The near seven-minute centerpiece of the album is “Miles to Go,” and it’s as dusty desert roots rock as you can get. It’s also a sprawling Americana number that features Shawn Johnson once more. In the end, there is nothing but uncertainty to be found here. But as a document of Preston starting a new career chapter, it’s relatable for anyone: “All I know is there’s miles to go.”
“All in the Cards” is a slow-burning rocker that brandishes a slightly different sound, and that’s because of Andy Borunda (Carol Pacey & the Honey Shakers) slaying the guitar. If I was a betting man, I’d say it’s about struggling with depression, because the lyrics paint an intimate portrait of that vividly: “I came downtown to escape the suburban sprawl. You get so down sometimes. I don’t want to crawl. But now I feel these things are real. You know I might lose it all.” This song feels like how I feel when times are low, but dammit if Preston doesn’t make you feel better about that somehow.
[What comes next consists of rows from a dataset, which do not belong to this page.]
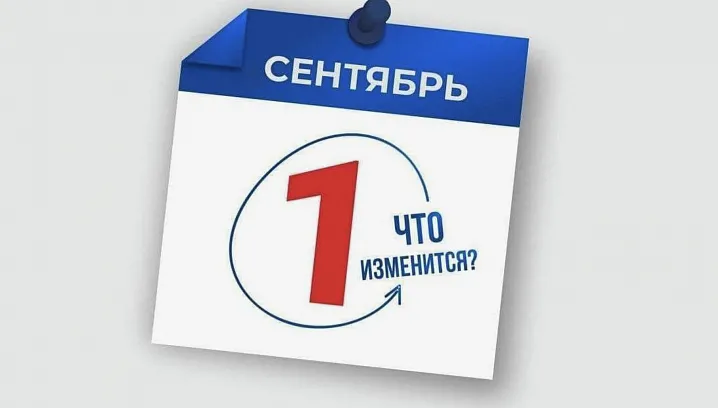 Что изменится в жизни россиян с сентября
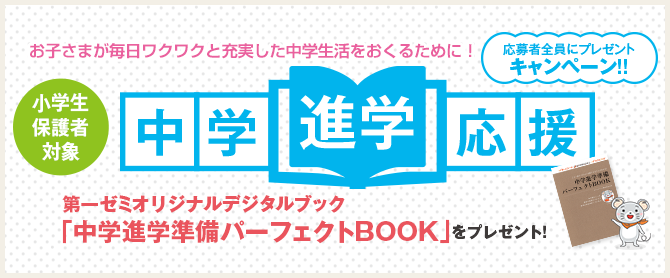 プレゼントキャンペーン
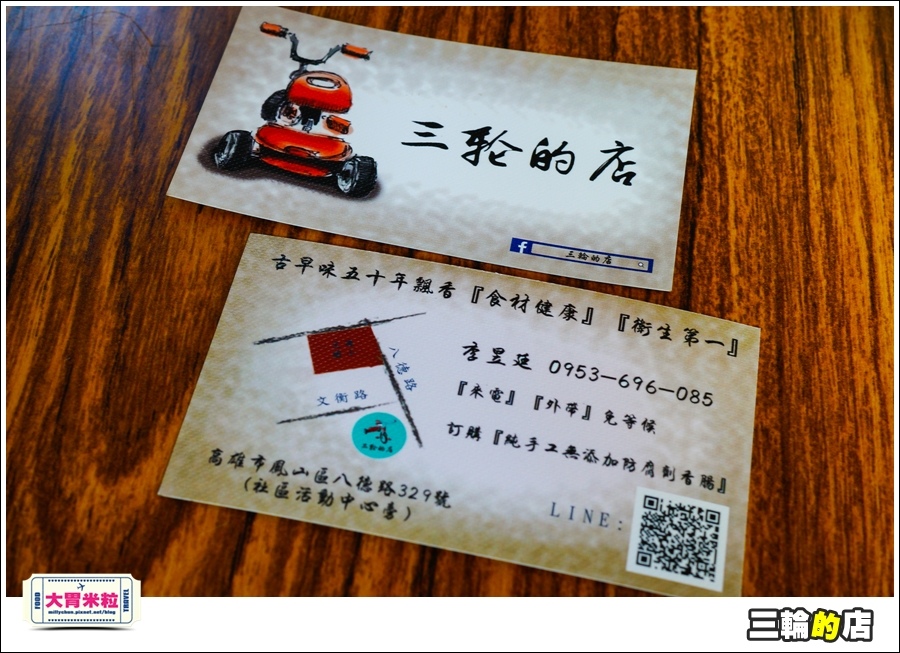 三輪的店@大胃米粒0061.jpg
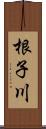 根子川 Scroll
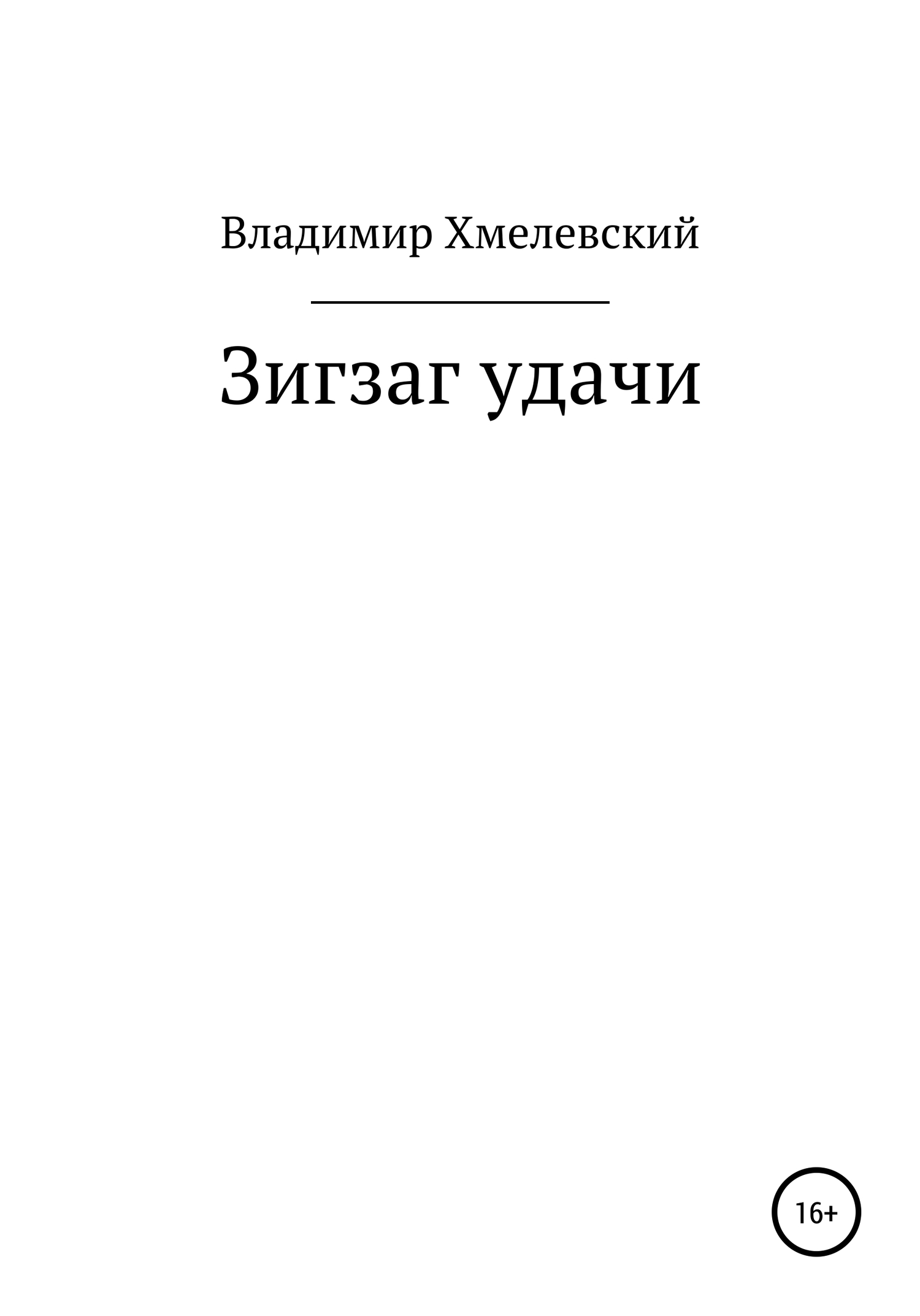 читать Зигзаг удачи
The pounding drums that start “Waste of Time” with the reverberations of a guitar make for one of the more stunning intros on the album. The song is another straightforward number, but with a pretty substantial pop backbone. It’s got groove, it’s got a hook, and it’s alternately a ballad and a monster rocker. It’s also possibly Preston’s best overall singing on an album, filled with impressive vocal maneuvers.
“The Knife” is the finale to this 40-minute odyssey through the talent of Doug Preston. This is the tune that hails from his days with Raul and the Reptiles. It also features either an accordion or some clever programming designed to sound as such. It’s an “easy on the soul” kind of ending, a soft sendoff into the Arizona sunset. Within it is found some impressive wisdom. “There’s one more thing that I must say. You have to view each sunrise as if this is your last day. There’s so much left to do and there’s so little time. Keep this feeling with you and share it when it’s time.” The accompanying arrangement puts the perfect ending on an album that I find brilliant.
Upon a month or so of reflection, I hope that Up Until Now is the first step toward an impressive solo career for Doug Preston. The album sticks with you; the riffs, lyrics, imagery and emotional content will remain in your mind if you spend the proper time with it. And in the end, that will do you some good.